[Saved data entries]
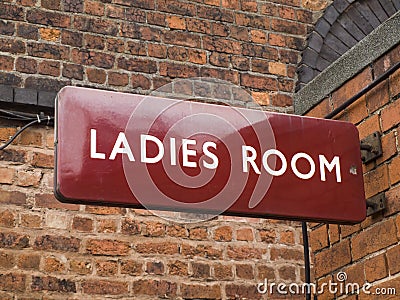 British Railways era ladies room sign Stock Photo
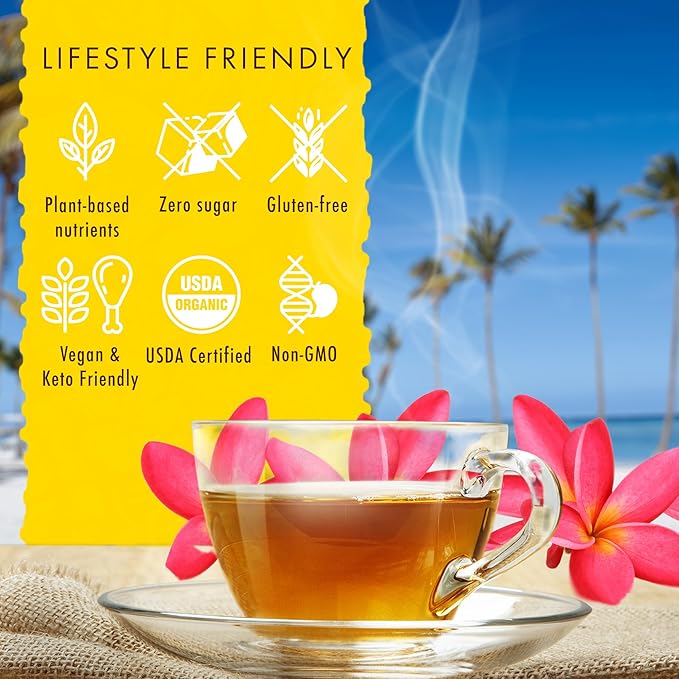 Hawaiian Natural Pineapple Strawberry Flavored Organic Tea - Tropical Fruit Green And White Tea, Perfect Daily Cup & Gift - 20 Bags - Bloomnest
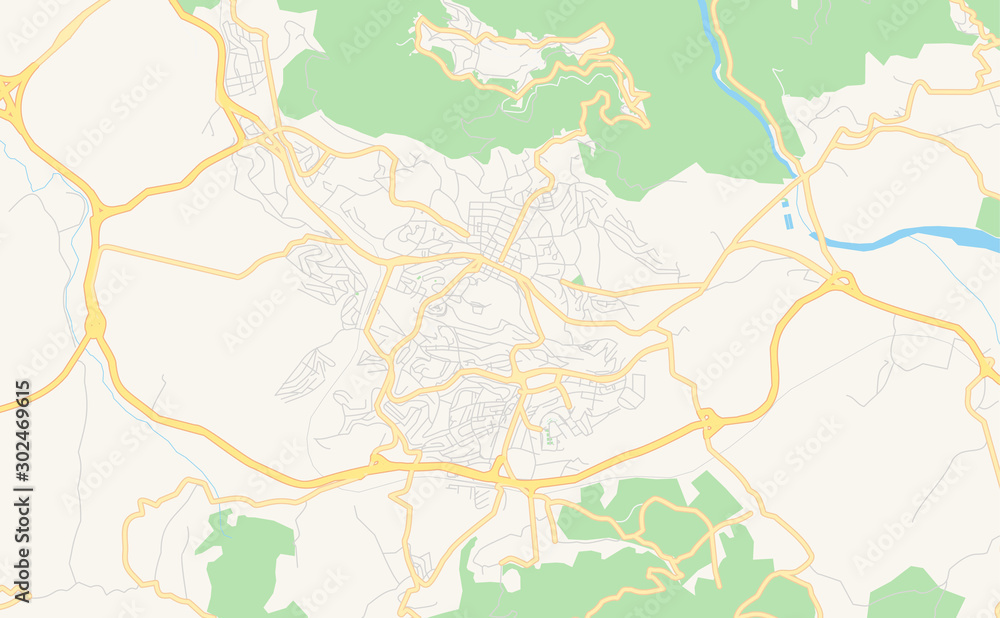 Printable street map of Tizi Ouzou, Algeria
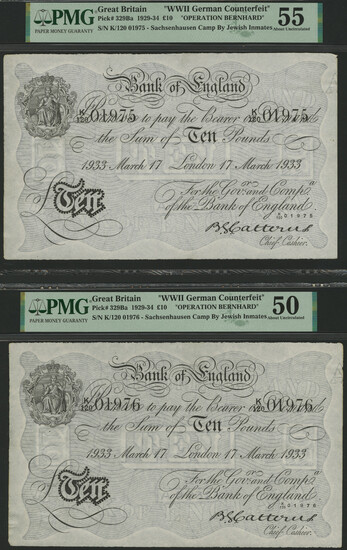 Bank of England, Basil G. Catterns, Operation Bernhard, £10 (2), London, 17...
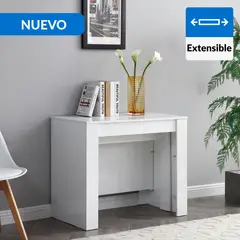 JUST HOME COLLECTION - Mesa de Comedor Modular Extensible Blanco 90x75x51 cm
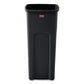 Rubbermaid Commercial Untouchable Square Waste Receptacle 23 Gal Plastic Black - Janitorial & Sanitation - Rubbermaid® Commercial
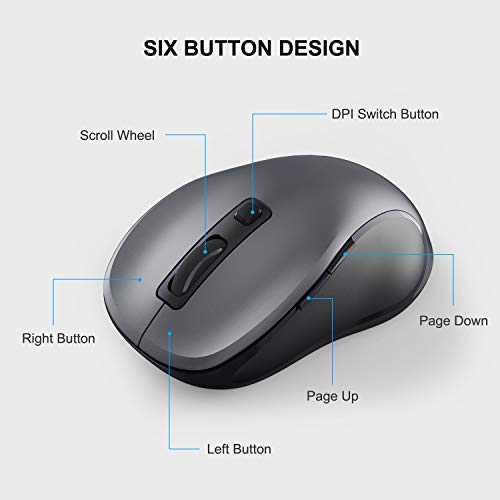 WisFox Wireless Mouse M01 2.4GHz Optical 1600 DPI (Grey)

Activity
Reproduce each entry precisely, dropping only the pictures.

Output of the task
 British Railways era ladies room sign Stock Photo
 Hawaiian Natural Pineapple Strawberry Flavored Organic Tea - Tropical Fruit Green And White Tea, Perfect Daily Cup & Gift - 20 Bags - Bloomnest
 Printable street map of Tizi Ouzou, Algeria
 Bank of England, Basil G. Catterns, Operation Bernhard, £10 (2), London, 17...
 JUST HOME COLLECTION - Mesa de Comedor Modular Extensible Blanco 90x75x51 cm
 Rubbermaid Commercial Untouchable Square Waste Receptacle 23 Gal Plastic Black - Janitorial & Sanitation - Rubbermaid® Commercial
 WisFox Wireless Mouse M01 2.4GHz Optical 1600 DPI (Grey)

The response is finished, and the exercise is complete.